אחרון המשוררים הקנוניים

Canonizing the Poets

Samuel Thrope

Imitation is said to be the sincerest form of flattery. This was certainly the case for Nur al-Din Jami (1414–92), a Persian poet, Sufi mystic, philosopher, and courtier. Born near the village of Jam, Jami was a central figure in the renaissance of Persian culture in eastern Iran and Central Asia during the Timurid era (1370–1500).
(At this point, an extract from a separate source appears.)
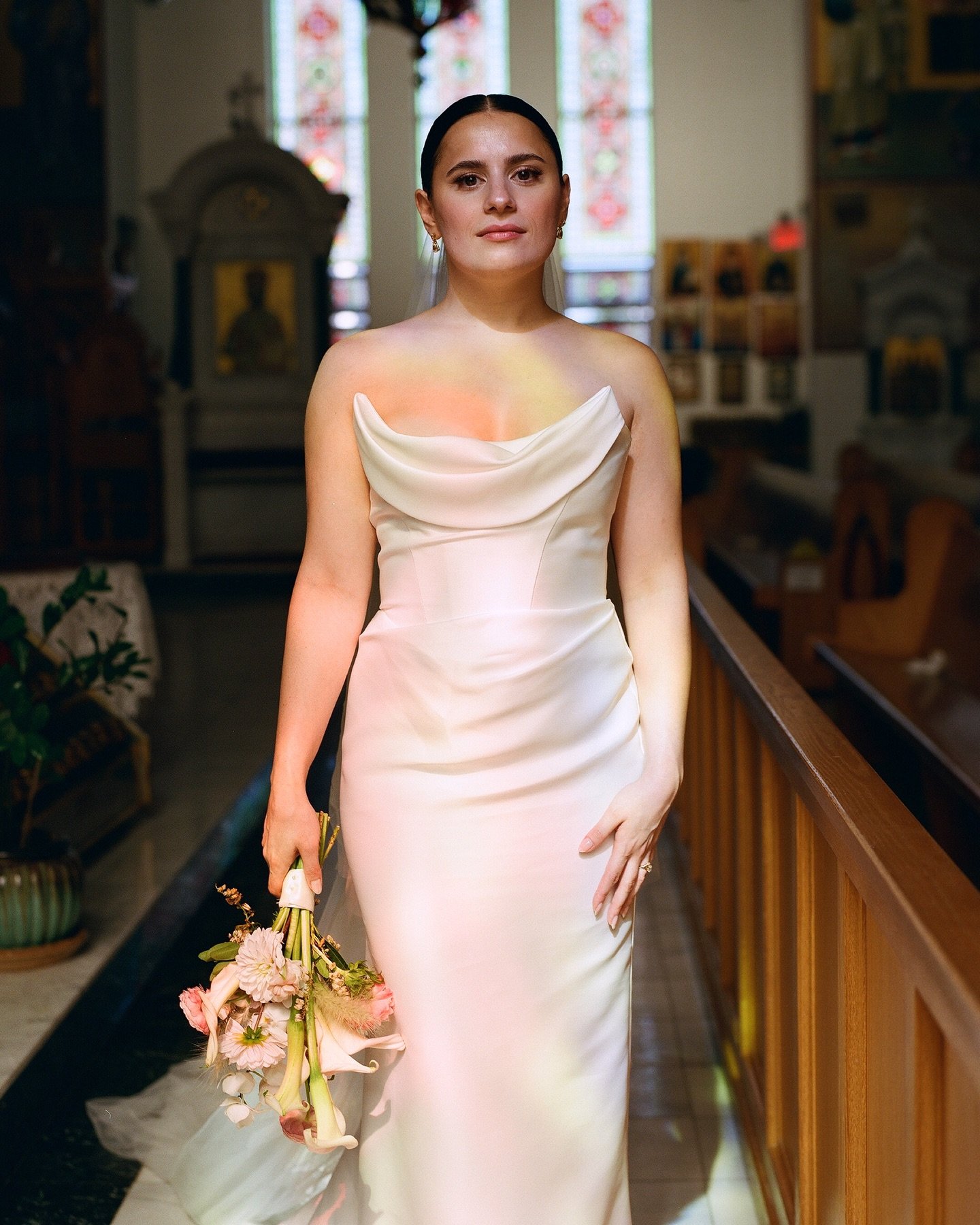 The stained glass light painted Nicole&rsquo;s dress in soft tones, while the bright Greek church interior felt like a natural studio &mdash; an editorial portrait destined to live in Nicole &amp; Jonathan&rsquo;s visual legacy for generations to com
Among the many scientists, thinkers, and artists who flocked to the Timurid capital of Samarkand, Jami stands out for both his voluminous output and his preoccupation with the literary past. During his fifty-year career, alongside numerous prose works in Persian and Arabic, Jami produced examples of every single genre of classical Persian poetry. Each of these compositions is either modeled on or responds to an earlier work. For example, Gift of the Noble (Tuhfat al-ahrar), a rare example of which, copied during Jami’s lifetime, can be seen here, was written in response to Nizami Ganjavi’s didactic poem Treasury of Secrets (Makhzan al-asrar).

Jami did not aim to merely repeat earlier works or conventions; rather, his goal was to establish the canon: the topics, style, and form of the poetic tradition up to his own time. He was largely successful in this, and his poems were celebrated wherever Persian served as the language of culture, from Turkey to India. While his reputation declined with changing tastes in the sixteenth and seventeenth centuries, in the late eighteenth century, Jami was again elevated by the Bazgasht (Return) movement in Iran, which lauded him as “the seal of the poets.”